Slaughtering an animal is never easy. It does not get easier with each successive year.  To see the death of something and not feel sadness and grief is a sign of spiritual deadness is my opinion. Every life I take feels heavy, real, and so very sad. The broilers I harvest myself. I hug each bird, stroke its head and say “thank you, and I’m sorry.”  Sometimes friends help me with the slaughter, and while I’m grateful, I also feel uneasy when I’m not able to say thank you and goodbye to each and every bird.

The pigs, however, I do not slaughter personally. I do not have the skillset, nor do I have the emotional ability. For years we used to load them on a trailer and take them to a processor, who would both slaughter and process the animals. Loading the pigs on the trailer, however, was an ordeal for them. And while I was never given permission to watch their slaughter (I asked many times), I know that the last few hours of my pigs’ lives were very stressful and scary.  A bumpy ride trapped in a trailer, followed by strangers pushing them around with the scent of death wafting in the air. That’s why I was so happy to find Herb of H & D Processing. Herb travels to my farm and uses a rifle to shoot the pigs on site. He processes them into hanging halves and then takes them to a meat processor where the bacon and sausages are made. 

I am so grateful for the gift of being able to watch my pigs be killed. Some of you may feel shocked and uneasy by that statement, I know. But I feel incredibly strongly that if I am going to eat meat, it should be raised humanely and I should not be shielded from their deaths. I believe that when we disconnect ourselves from the killing of things, from the living energy of our food, we loose something spiritual, a connection between ourselves and all other living things. And the more we disconnect ourselves from this energy 7 reality, the more we are able to do damage and cause suffering, unknowingly. So I bear witness to the death of my animals. 

My alarm went off early this morning. I set it a half hour early so that I could have quiet time with my animals. In my pajamas, I grabbed 5 buttery homemade chocolate chip cookies and stepped into my muck boots. The sun was rising a mellow, gorgeous pink as I walked down to the pen. I stepped over the metal fence, and in turn I gave each pig a cookie. I gave ear scratches to the ones that would let me. As they curiously snorted at me for more yumminess, I hopped back over the pen fence. They kept snorting at me for grain, which I could not give them (not good for the slaughter). Instead, I looked each one in turn into their intelligent, huge eyes and said, “I’m sorry and thankyou” and cried.

When Herb arrived, he was all business, which I was grateful for. I stood about 25 feet away by the barn as I watched Herb carefully step into the pen with his rifle. He’s an expert shot. Five shots.

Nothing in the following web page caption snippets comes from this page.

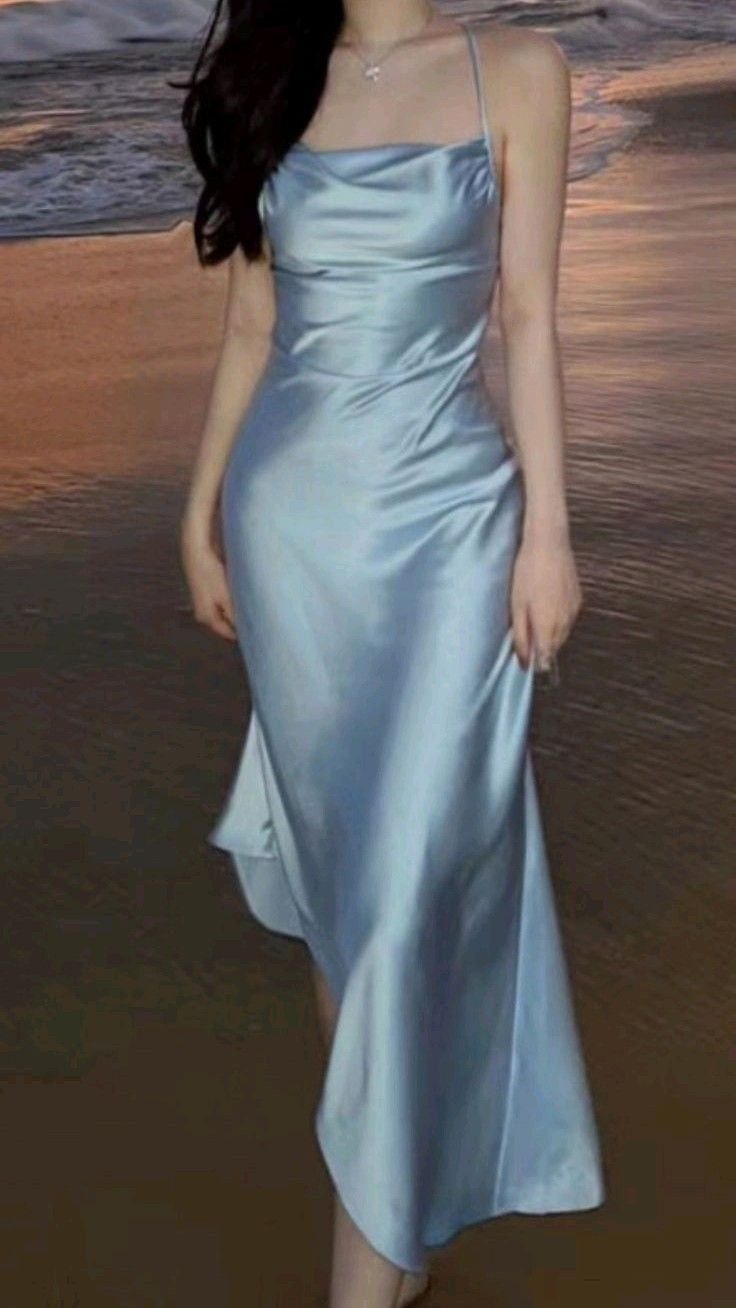 Classy Spaghetti Straps Blue Satin Long Wedding Guest Dress Formal Birthday Party Dress Evening Gown - FashionDia
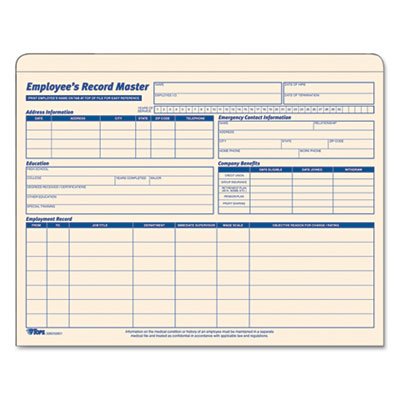 Tops Employee Record Master File Jacket, 9 1/2 x 11 3/4, 10 Point Manila, 15/Pack TOP32801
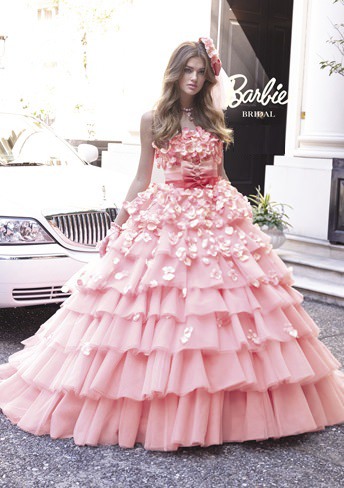 バービーカラードレス ピンク ウエディングドレス Jp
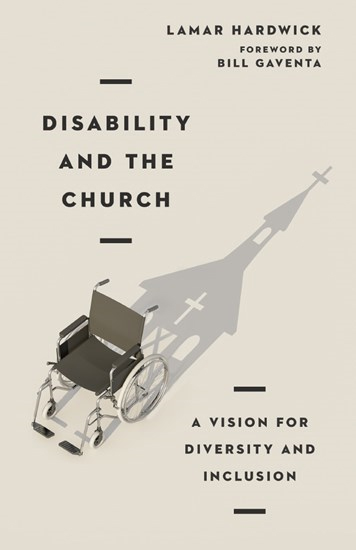 cover of disability and the church with a folding wheelchair whose shadow is the shape of a church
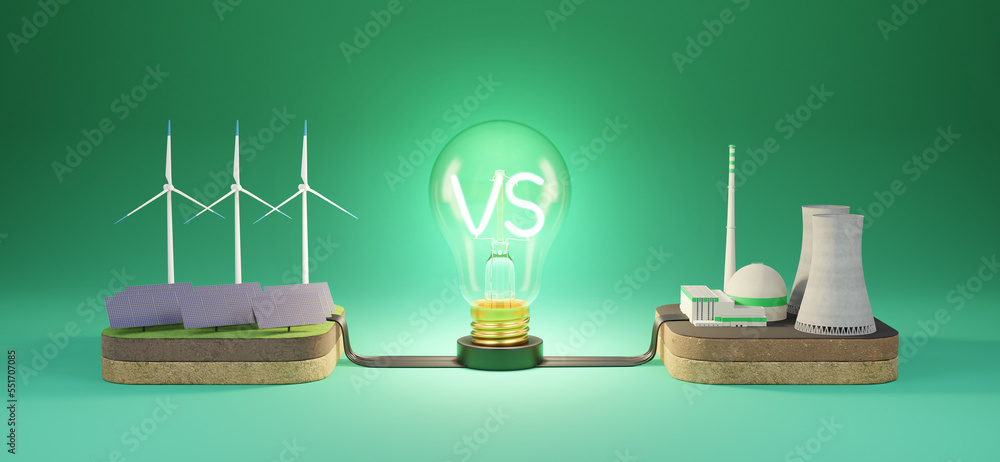 Renewable Energy vs Nonrenewable Energy, 
Green Energy and polluting energy, 3D Rendering, 3D Illustration.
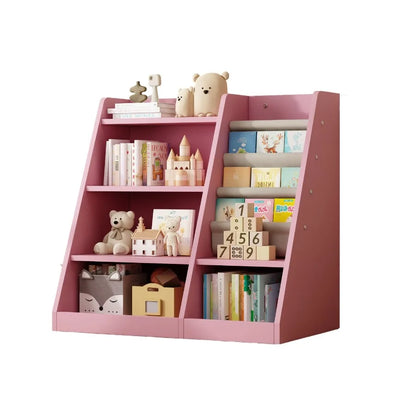 Pink Wooden Toy Storage Organizer Cabinet Bookshelf Bookcase Toddler Baby Sling Book Rack Adjustable Shelf for Playroom Bedroom
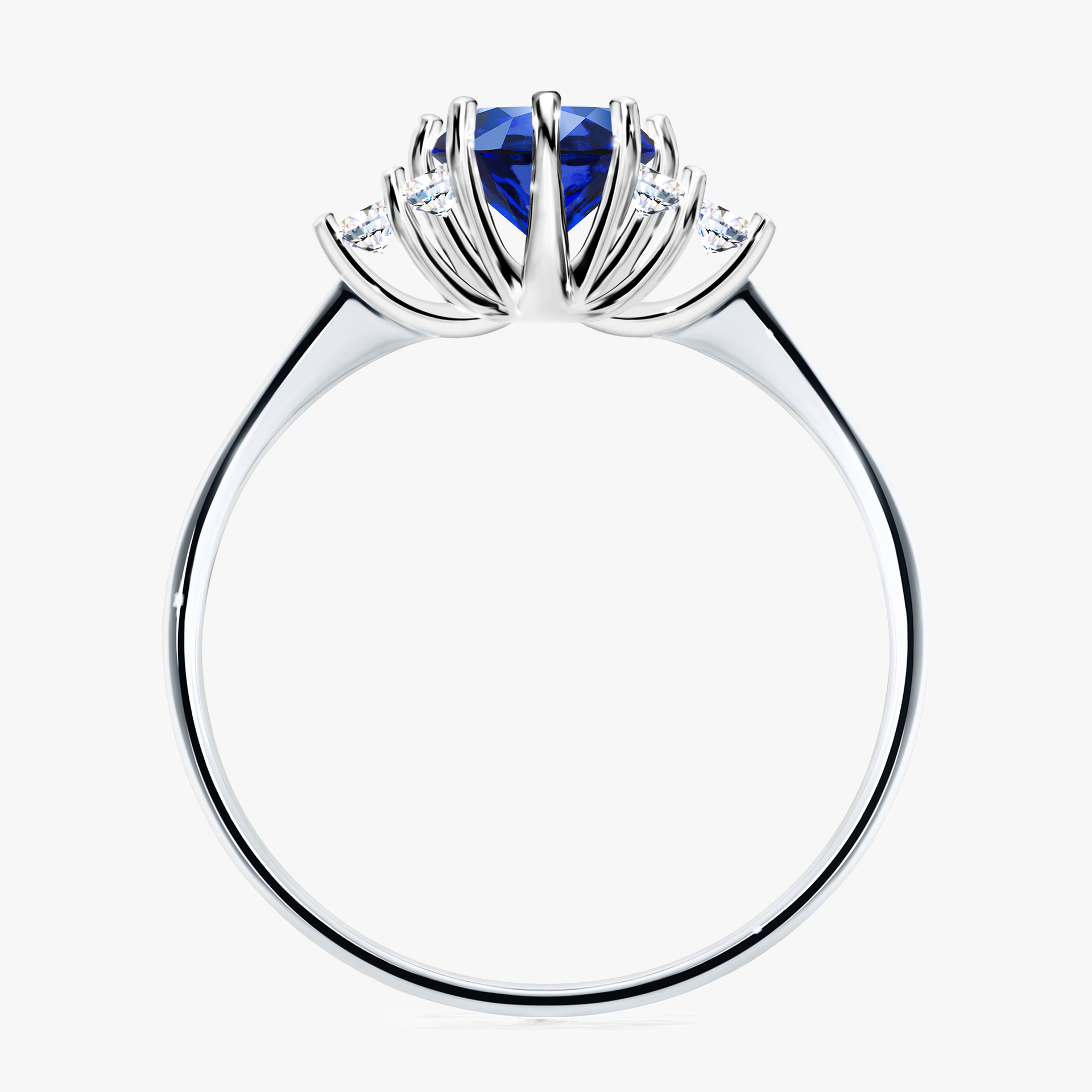 Pierścionek zaręczynowy My Lilly z białego złota z szafirem niebieskim 0,98ct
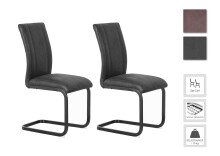 Esszimmerstuhl >MALU< (2er-Set) in schwarz aus Microfaser - 43x99x56cm (BxHxT)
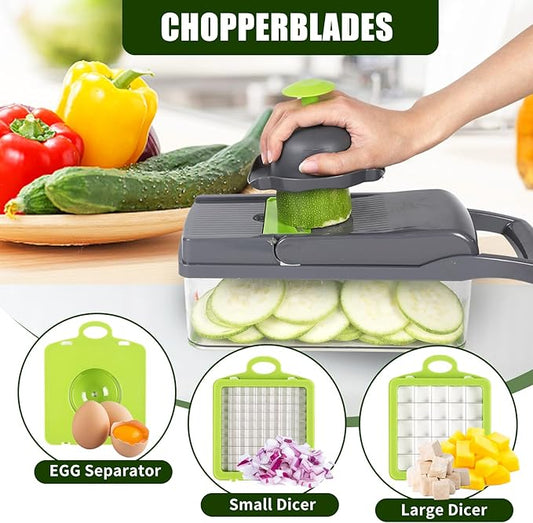15 in 1 Professional Vegetable Multi-Functional Food Cutting Machine - Salad, Cheese Grater, Mandolin Slicer and Container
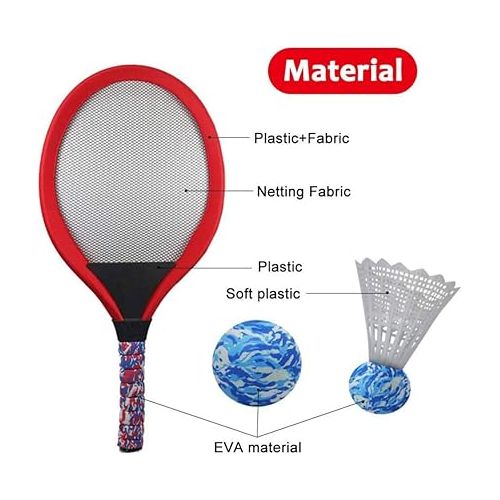  BESPORTBLE Tennis Rackets Set, 1 Pair Tennis Racket Set Racquet with 2 Soft Balls and 1 Badminton Shuttlecocks - Educational Game Props for Outdoor Indoor Sports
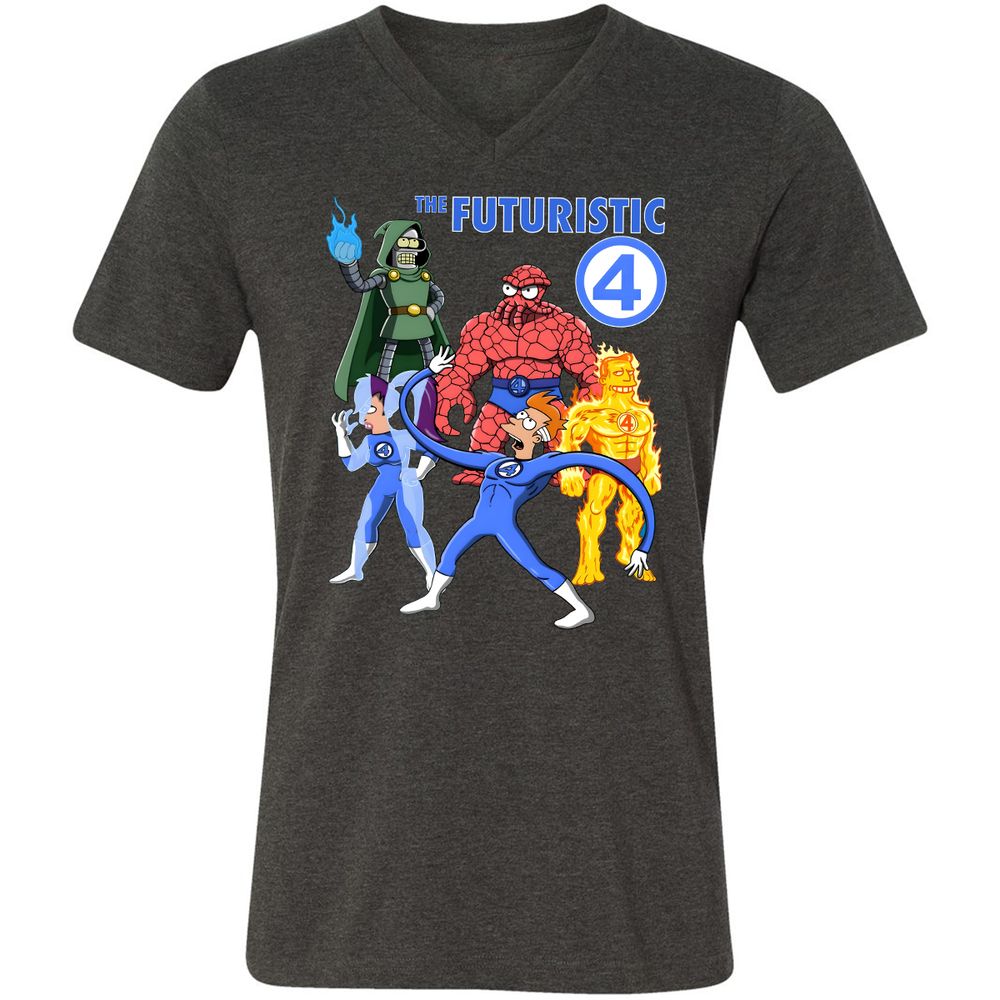 Unisex V-Neck T-Shirt - RVLHGJ8G - Dark Grey Heather - 8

Five pigs down clean in just a couple of minutes. Michael stood by me and put his arm around my shoulders as I sobbed. My buddies for the last 5 months, now laying in their own scarlet blood, the life energy literally shaking out of them. 

That transition, from a warm living being into something I eat, that moment of time and transition feels grievous and holy to me. I’m not a traditionally religious person, but bearing witness to the sacrifice of a living being that will in turn feed my body and the bodies of my children, it is holy to me. A transfer of energy that connects us to the cycle of life. A transfer of life to life that is heavy and real. 

I appreciate the weight of this.

Soon I was using heavy equipment to move the pigs’ bodies out of the pen to Herb’s truck. I forced myself to watch the steam rise from the bodies, still warm and jiggly with the fluidity of life. I positioned each animal by the truck as Herb instructed, and then soon they became pork. The transition complete.

But I don’t forget my buddies. Every time pork is on my table, I try to thank them again.

Yesterday my friend taught me a word I’d never heard before – noetic. I understand it be the concept of inner knowledge, intuitions, understandings that can’t necessarily be explained with words. The experience of raising pigs, witnessing their slaughter, and eating them very much has a noetic component for me. There is a connection to something deeper through this experience that I don’t have language for. 

The cycle of life and the movement of energy continues. It is profound, and I am deeply grateful to be a part of it.  

Sincerely, Farmer Cassie

Postscript #1: If you have any interest in eating local, organic, pasture raised pork that is slaughtered on farm, we do have a farm neighbor who does this at a larger scale and I would gladly connect you. 

Postscript #2: Thank you for your support this season. When we choose to connect ourselves to the food we eat, we are tending the living, breathing energetic connection that flows through us all. Thank you for tapping into that this season. And thank you for supporting our family farm – all of us, Michael, Cassie, Zea, Sora, & Juna.